[RECORDS SHOWN — start]
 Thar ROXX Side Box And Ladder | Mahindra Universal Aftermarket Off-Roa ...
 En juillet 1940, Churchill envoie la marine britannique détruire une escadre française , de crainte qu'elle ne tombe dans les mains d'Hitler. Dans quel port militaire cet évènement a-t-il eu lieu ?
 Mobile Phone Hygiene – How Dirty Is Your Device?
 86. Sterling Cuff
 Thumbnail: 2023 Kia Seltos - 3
[RECORDS SHOWN — finish]
[RECORDS SHOWN — start]
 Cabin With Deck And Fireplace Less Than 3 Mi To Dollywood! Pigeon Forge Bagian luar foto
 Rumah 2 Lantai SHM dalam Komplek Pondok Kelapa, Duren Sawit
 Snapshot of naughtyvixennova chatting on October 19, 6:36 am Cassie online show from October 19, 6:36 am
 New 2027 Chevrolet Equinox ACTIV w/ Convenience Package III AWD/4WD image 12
[RECORDS SHOWN — finish]
**TASK DETAILS:**
The lines to extract from the data above begin with the line containing "Thar ROXX Side" and end with the line containing "Thumbnail: 2023 Kia Seltos - 3". Extract them exactly, including both.

**YOUR RESPONSE:**
 Thar ROXX Side Box And Ladder | Mahindra Universal Aftermarket Off-Roa ...
 En juillet 1940, Churchill envoie la marine britannique détruire une escadre française , de crainte qu'elle ne tombe dans les mains d'Hitler. Dans quel port militaire cet évènement a-t-il eu lieu ?
 Mobile Phone Hygiene – How Dirty Is Your Device?
 86. Sterling Cuff
 Thumbnail: 2023 Kia Seltos - 3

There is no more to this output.